ISF Makes Significant Progress in Ramadi, Encircles City Center

On December 4, Iraqi Security Forces (ISF) units made progress in several areas in Ramadi. ISF units cleared the al-Matheeq area to the east of the city, while in the south, they reportedly seized control of al-Tamim, 8 Shbat, and al-Qadisiyah neighborhoods.

On December 8, ISF’s 8th and 16th brigades managed to clear the al-Qassim bridge, to the south of Ramadi, of ISIS, opening up the road between the areas of Humera and the Tamim neighborhood. To the north of the city, the ISF reportedly seized control of the Anbar Operations Command Headquarters, a fortified building that had been one of the major holdouts north of the city.

On December 9, 200 U.S. special forces troops reportedly arrived at al-Assad Airbase in central Anbar. It is alleged that the U.S. troops are to help the ISF forces in fighting ISIS throughout the western part of Anbar. In response to news reports, the U.S. Embassy stated, on Thursday, December 10, that while “the United States supports deployments of US military inside Iraq [under] the explicit consent of the Iraqi government….reports that claim the arrival of 200 members of the US combat troops to Assad air base [is] simply unfounded.”

Turkish Troops in Kurdistan Cause Crisis

On December 5, President Fuad Masum denounced the entry of 150 Turkish troops and 20-25 Turkish tanks into Ninewa province, calling it a violation of Iraq’s sovereignty. Masum urged Turkey to “withdraw its military force from Iraqi territory” and threatened to “take actions in accordance with the international laws and norms” if Turkey refused. It has been alleged that Turkish troops entered Iraq with the consent of the Peshmerga and the Kurdistan Regional Government (KRG). However, according to Muhsin al-Sadoun of the Kurdistan Alliance, “the [KRG] had nothing to do with the entry of Turkish troops to the city of Mosul” and that “such force existed originally and has a base area [in] Amerli northern Iraq, according to an agreement between Turkey and the regime of Saddam Hussein.” al-Sadoun also noted that “the Turkish force that went to Mosul, were not a fighting force” and its “mission was to deliver equipment and technicians.”

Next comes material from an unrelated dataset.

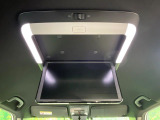 【15.6型フリップダウン】大画面モニターで後席でもエンタメをお楽しみいただけます。家族や友人とお出かけする機会が多い方に大人気です♪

On December 7, Prime Minister al-Abadi stated, in a meeting with German Foreign Minister Frank-Walter Steinmeier, “the importance of stopping the smuggling of oil by” ISIS, the majority of which is smuggled through Turkey. PM al-Abadi also denounced the entry of turkish troops into Iraq, calling it “unacceptable and…without the knowledge or consent of the Iraqi government.”

On December 7, a Turkish official announced that “Ankara does not intend to withdraw its troops from Iraq, despite the 48-hour deadline set by the Iraqi authorities to do so.”

On December 8, Ghaleb Zamili of the Baghdad Provincial Council declared a “boycott of Turkish products in protest against the Turkish intervention in Iraq.” According to Zamili, “the Council also voted on a resolution to stop all projects undertaken by Turkish companies in Baghdad” until they agree to withdraw from Iraq.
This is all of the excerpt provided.